Not alone, is more complex. Seriousely, go reading the http://www.holophony.net/Two_Ears-Two_Loudspeakers.htm

For signals outside your head, but closely at it, wear up your headphones and listen:






Ambiophonics is the way for separate loudspeaker signals.


H.


----------



## koyaan (Mar 2, 2010)

It appears to me that Mr. Oellers is objecting to the lack of a holographic sound field , as well as distortion from the listening area and limitations of microphone recording. 
If the object is to completely reproduce the live performance, these are very valid objections,however, I'm not sure they impact a lot on enjoyment of the music.
For me the proof in the pudding is the enjoyment.


----------



## syntheticwave (Feb 9, 2011)

koyaan said:


> It appears to me that Mr. Oellers is objecting to the lack of a holographic sound field , as well as distortion from the listening area and limitations of microphone recording.
> If the object is to completely reproduce the live performance, these are very valid objections,however, I'm not sure they impact a lot on enjoyment of the music.
> For me the proof in the pudding is the enjoyment.

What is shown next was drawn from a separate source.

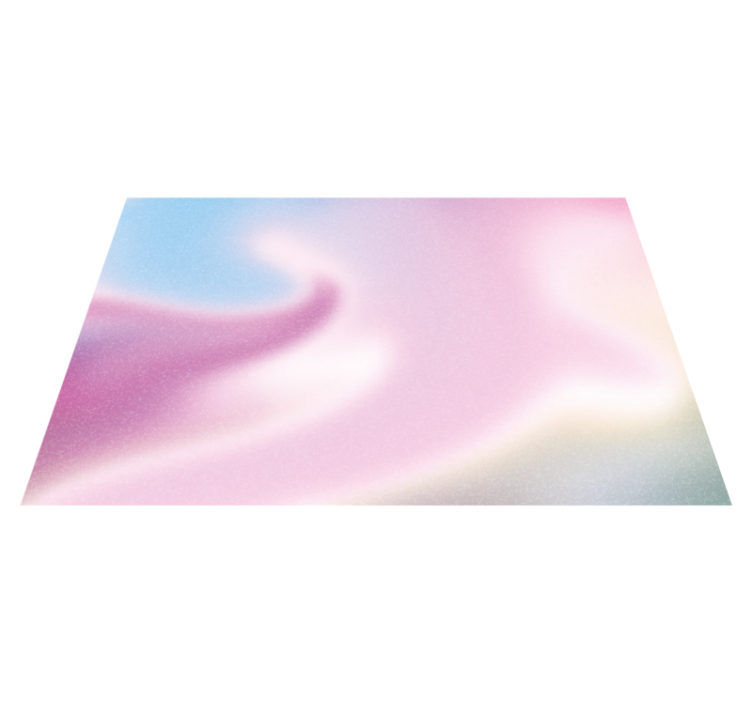 Alfombra vinilo baño capas de degradado - TenVinilo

That is an valid argue, but I think, Mr. Oellers shows new ways for enlarging the artistic possibilities of audio reproduction. I cannot see any reduction of the known prospects of the audio producing. However, the described subtraction of the playback room acoustics from transmitting chain seems essential. The pudding will enjoy much more.


----------



## DanTheMan (Oct 12, 2009)

I wrote a little blurb about this a little over a week ago and by far the easiest way for 3D to happen is binaural recording. A well treated HT isn't bad either. I've even made binaural recordings of my HT(sick man). You really can paint a picture with SS processing. You can read this as it's likely simpler than the original like, but don't quote me on that.
http://dtmblabber.blogspot.com/2011/02/tightening-loudspeaker-recording-and.html

The references on the bottom are really useful for the HT crowd though it may not seem intuitively obvious. Knowing how control rooms are set up should really be an intriguing guide to how you HT is set up.

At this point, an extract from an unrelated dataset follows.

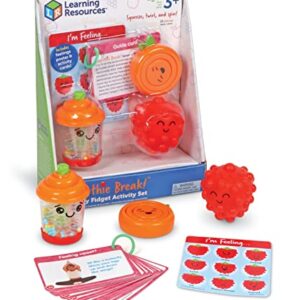 Learning Resources Smoothie Tea Break!™ Sensory Fidget Activity Set, Sensory Toys for Toddlers, Social Emotional Learning, SEL Skills, Fine Motor Skills, Ages 3+,19 Pieces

This would make for an interesting read on the topic as well: http://www.princeton.edu/3D3A/index.html
Lot's of detailed loudspeaker measurements there to boot.

Dan


----------



## patchesj (Jun 17, 2009)

DanTheMan said:


> I wrote a little blurb about this a little over a week ago and by far the easiest way for 3D to happen is binaural recording. A well treated HT isn't bad either. I've even made binaural recordings of my HT(sick man). You really can paint a picture with SS processing. You can read this as it's likely simpler than the original like, but don't quote me on that.
> http://dtmblabber.blogspot.com/2011/02/tightening-loudspeaker-recording-and.html
> 
> The references on the bottom are really useful for the HT crowd though it may not seem intuitively obvious. Knowing how control rooms are set up should really be an intriguing guide to how you HT is set up.
> ...


Dan, you mention in the blog that absorbtion should be as thick as possible on the dead end. While I agree somewhat, if the goal of this absorbtion is to lessen the "distraction" of the early reflections I don't see the need to extend the effect much below 250Hz. Don't we begin to lose the ability to decipher directionality at lower frequency anyway? I would think the resources would be better spent on effectively covering all of the early reflection points vs. only getting a few points (but to very low frequency). This assumes of course, limited resources...


----------



## jackfish (Dec 27, 2006)

The demonstration cannot make it seem that the sound is coming from in front of you, why is that?


----------



## DanTheMan (Oct 12, 2009)

patchesj said:


> Dan, you mention in the blog that absorbtion should be as thick as possible on the dead end. While I agree somewhat, if the goal of this absorbtion is to lessen the "distraction" of the early reflections I don't see the need to extend the effect much below 250Hz. Don't we begin to lose the ability to decipher directionality at lower frequency anyway? I would think the resources would be better spent on effectively covering all of the early reflection points vs. only getting a few points (but to very low frequency). This assumes of course, limited resources...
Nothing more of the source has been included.